## Task directions
In your copy of the entries, please include no pictures and return every word exactly.

:: Given records ::

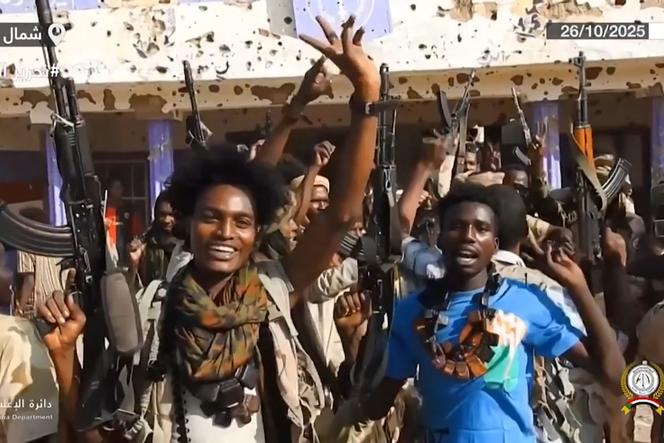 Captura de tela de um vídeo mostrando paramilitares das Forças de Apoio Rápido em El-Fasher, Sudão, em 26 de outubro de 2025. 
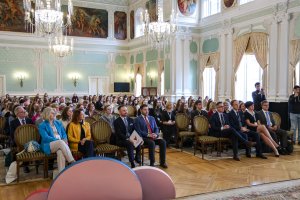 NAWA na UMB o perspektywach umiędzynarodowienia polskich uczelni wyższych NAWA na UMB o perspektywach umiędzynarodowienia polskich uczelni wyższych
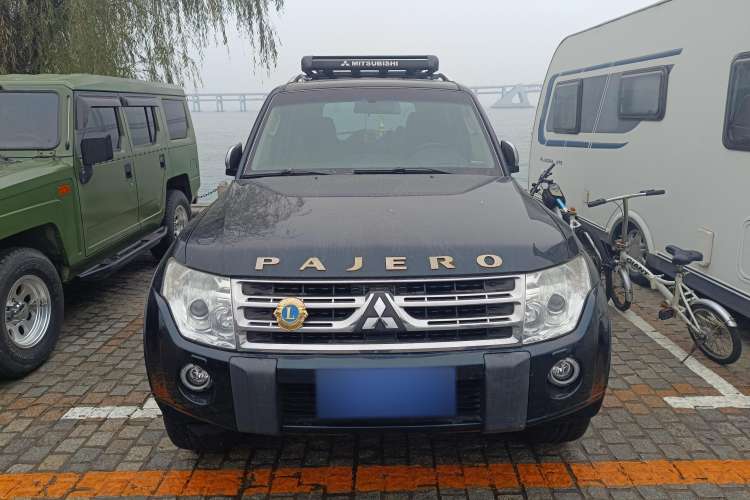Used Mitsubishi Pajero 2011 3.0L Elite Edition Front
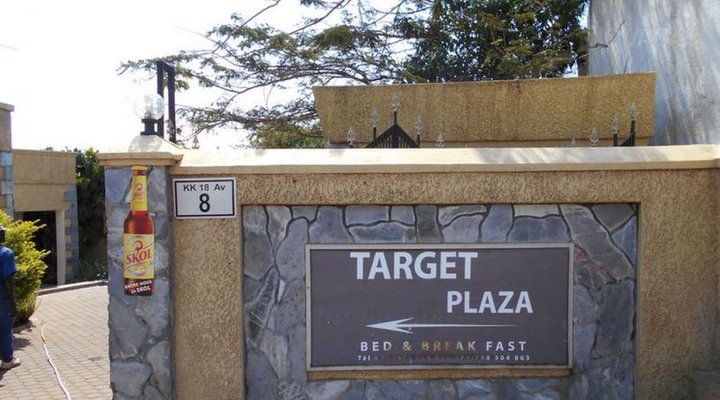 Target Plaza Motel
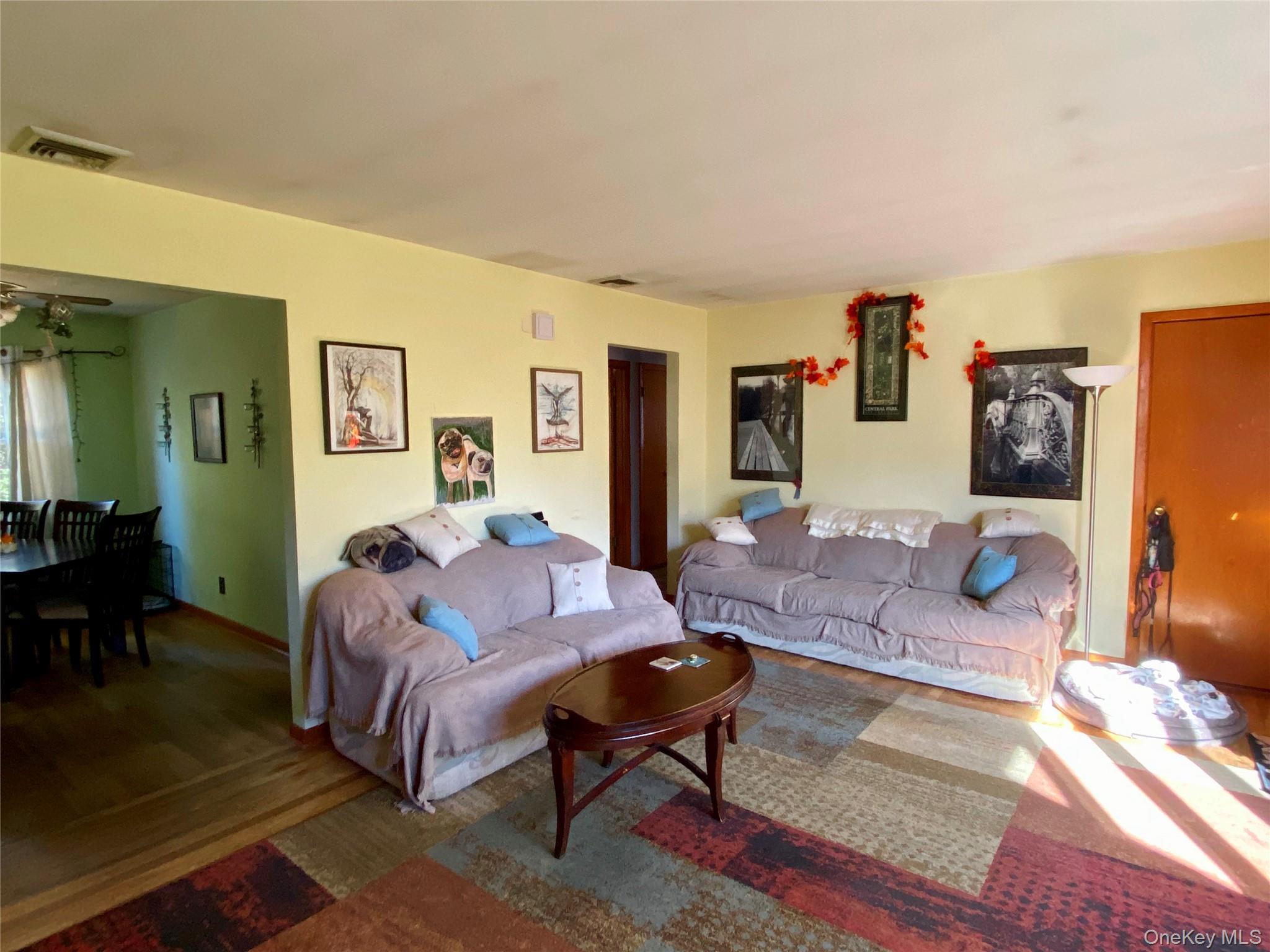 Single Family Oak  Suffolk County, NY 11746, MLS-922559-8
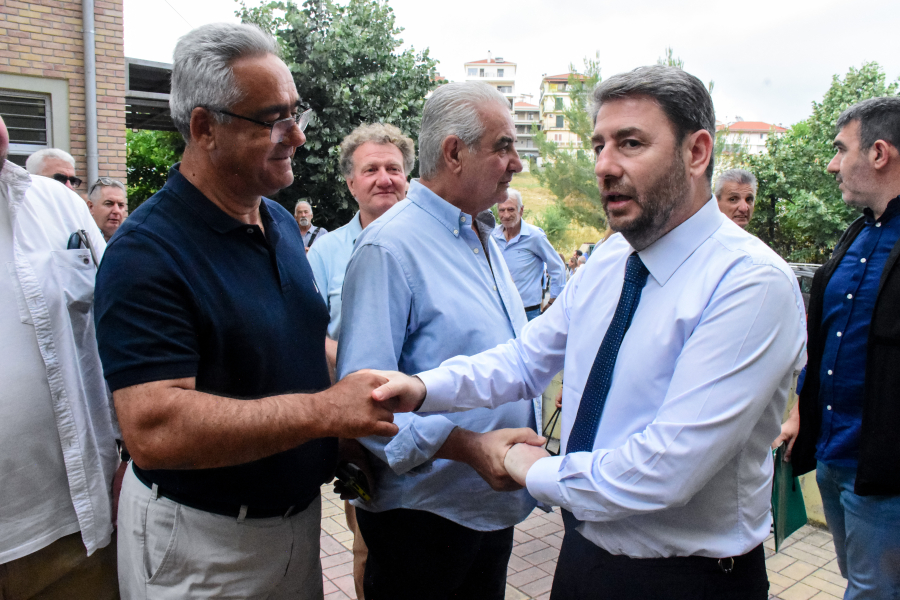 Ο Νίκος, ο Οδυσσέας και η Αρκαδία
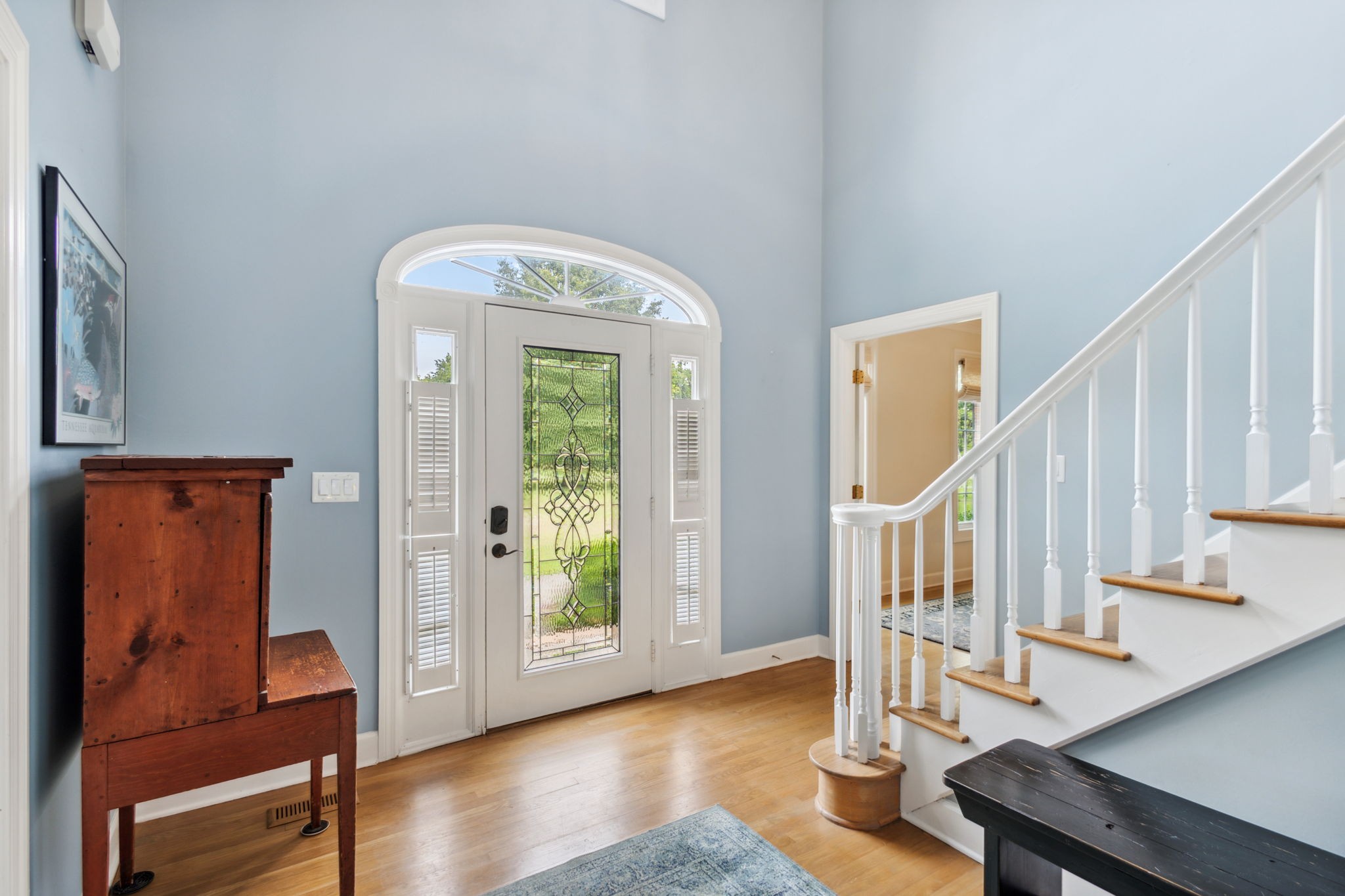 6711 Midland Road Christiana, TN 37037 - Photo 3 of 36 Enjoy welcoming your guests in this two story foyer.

:::

## Expected answer
 Captura de tela de um vídeo mostrando paramilitares das Forças de Apoio Rápido em El-Fasher, Sudão, em 26 de outubro de 2025. 
 NAWA na UMB o perspektywach umiędzynarodowienia polskich uczelni wyższych NAWA na UMB o perspektywach umiędzynarodowienia polskich uczelni wyższych
Used Mitsubishi Pajero 2011 3.0L Elite Edition Front
 Target Plaza Motel
 Single Family Oak  Suffolk County, NY 11746, MLS-922559-8
 Ο Νίκος, ο Οδυσσέας και η Αρκαδία
 6711 Midland Road Christiana, TN 37037 - Photo 3 of 36 Enjoy welcoming your guests in this two story foyer.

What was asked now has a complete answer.